Example from create_issue.go:

func (c *Compiler) buildCreateOutputIssueJob(data *WorkflowData, mainJobName string) (*Job, error) {
    if data.SafeOutputs == nil || data.SafeOutputs.CreateIssues == nil {
        return nil, fmt.Errorf("safe-outputs.create-issue configuration is required")
    }
    
    // Build custom environment variables specific to create-issue
    var customEnvVars []string
    customEnvVars = append(customEnvVars, buildTitlePrefixEnvVar(...))
    customEnvVars = append(customEnvVars, buildLabelsEnvVar(...))
    customEnvVars = append(customEnvVars, c.buildStandardSafeOutputEnvVars(...))
    
    // Build post-steps if configured
    var postSteps []string
    if len(data.SafeOutputs.CreateIssues.Assignees) > 0 {
        postSteps = buildCopilotParticipantSteps(...)
    }
    
    // Create outputs
    outputs := map[string]string{
        "issue_number": "${{ steps.create_issue.outputs.issue_number }}",
        "issue_url":    "${{ steps.create_issue.outputs.issue_url }}",
    }
    
    // Build job condition
    jobCondition := BuildSafeOutputType("create_issue")
    
    // Return job
    return c.buildSafeOutputJob(...)
}

Recommendation:
Create a SafeOutputJobBuilder abstraction:

type SafeOutputJobBuilder struct {
    ActionType       string
    ConfigExists     func(*WorkflowData) bool
    CustomEnvVars    func(*WorkflowData) []string
    PreSteps         func(*WorkflowData) []string
    MainScript       string
    PostSteps        func(*WorkflowData) []string
    Outputs          map[string]string
    JobCondition     func(*WorkflowData) string
}

func (b *SafeOutputJobBuilder) Build(data *WorkflowData, mainJobName string) (*Job, error) {
    // Common job building logic
}

Alternative approach: Create a job builder registry with templates.

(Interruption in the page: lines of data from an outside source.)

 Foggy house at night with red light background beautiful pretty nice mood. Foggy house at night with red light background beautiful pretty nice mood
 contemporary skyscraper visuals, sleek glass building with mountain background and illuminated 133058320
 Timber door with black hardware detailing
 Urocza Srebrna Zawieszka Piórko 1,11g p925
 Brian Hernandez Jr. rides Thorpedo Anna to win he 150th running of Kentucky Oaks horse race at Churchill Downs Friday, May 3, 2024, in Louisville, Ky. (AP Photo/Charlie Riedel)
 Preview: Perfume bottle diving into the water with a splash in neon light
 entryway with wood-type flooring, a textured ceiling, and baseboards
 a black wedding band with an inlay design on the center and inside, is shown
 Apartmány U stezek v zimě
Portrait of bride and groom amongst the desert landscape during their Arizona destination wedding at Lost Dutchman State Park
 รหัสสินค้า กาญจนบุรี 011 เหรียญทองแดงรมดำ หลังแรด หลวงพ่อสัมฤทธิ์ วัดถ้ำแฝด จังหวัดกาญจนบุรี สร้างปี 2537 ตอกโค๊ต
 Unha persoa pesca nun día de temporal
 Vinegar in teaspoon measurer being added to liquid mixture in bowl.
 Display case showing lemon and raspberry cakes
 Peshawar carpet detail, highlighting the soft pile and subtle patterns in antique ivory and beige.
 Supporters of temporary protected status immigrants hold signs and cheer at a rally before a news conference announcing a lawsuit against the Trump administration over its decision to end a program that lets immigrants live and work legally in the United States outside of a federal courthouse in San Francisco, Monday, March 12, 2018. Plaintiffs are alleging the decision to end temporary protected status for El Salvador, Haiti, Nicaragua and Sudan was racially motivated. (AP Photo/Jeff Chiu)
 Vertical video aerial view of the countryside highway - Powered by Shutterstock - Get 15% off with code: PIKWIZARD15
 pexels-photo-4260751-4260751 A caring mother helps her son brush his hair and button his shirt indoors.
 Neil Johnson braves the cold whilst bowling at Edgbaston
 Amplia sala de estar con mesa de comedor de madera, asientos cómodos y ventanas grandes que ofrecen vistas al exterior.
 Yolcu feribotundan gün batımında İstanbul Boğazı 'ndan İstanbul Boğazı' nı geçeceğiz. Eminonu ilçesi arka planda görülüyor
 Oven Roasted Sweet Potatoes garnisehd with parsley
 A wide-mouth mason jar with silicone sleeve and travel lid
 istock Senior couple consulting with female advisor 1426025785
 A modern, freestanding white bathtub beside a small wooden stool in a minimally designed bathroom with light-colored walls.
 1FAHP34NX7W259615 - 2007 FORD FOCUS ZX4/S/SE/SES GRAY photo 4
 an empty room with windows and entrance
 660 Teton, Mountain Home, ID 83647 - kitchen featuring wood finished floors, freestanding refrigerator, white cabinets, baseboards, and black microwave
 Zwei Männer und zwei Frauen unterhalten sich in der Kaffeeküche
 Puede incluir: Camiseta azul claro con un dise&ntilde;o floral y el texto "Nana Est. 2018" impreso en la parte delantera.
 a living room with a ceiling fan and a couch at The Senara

Estimated Impact: Remove 1,000+ lines of boilerplate, enable consistent job patterns


5. Engine Log Parsing Duplication (4 files, 200+ lines)

Problem: Each AI engine implementation has its own ParseLogMetrics() function with 60-75% code duplication.

Affected Files:

pkg/workflow/claude_logs.go:ParseLogMetrics()
pkg/workflow/copilot_engine.go:ParseLogMetrics()
pkg/workflow/codex_engine.go:ParseLogMetrics()
pkg/workflow/custom_engine.go:ParseLogMetrics()

Common Logic (60-75% similar):

  • Tool call extraction and counting
  • Token counting (input/output)
  • Cost calculation
  • Sequence tracking
  • Error parsing

Recommendation:

  1. Create log_parsing_helpers.go with shared utilities:

    • ExtractToolCalls(logs []string) []ToolCall
    • CountTokens(logs []string) (input, output int)
    • CalculateCost(inputTokens, outputTokens int, pricing PricingModel) float64
    • ExtractErrorMessages(logs []string) []string
  2. Keep engine-specific parsing in each engine file, but use shared utilities

Estimated Impact: Remove ~200 lines of duplication, consistent metric tracking


Minor Priority Issues

6. String Normalization Functions (Multiple Files)

Status: Mostly well-organized, minor opportunity for consolidation

Current Distribution:

  • strings.go - Primary location for SanitizeName(), SanitizeWorkflowName(), SortStrings()
  • workflow_name.go - SanitizeIdentifier()
  • resolve.go - normalizeWorkflowName() (private)
  • safe_outputs.go - normalizeSafeOutputIdentifier() (private, embedded)

Recommendation (Optional):
Consider consolidating all normalize* and sanitize* functions into strings.go for discoverability. Current organization is acceptable but could be improved for consistency.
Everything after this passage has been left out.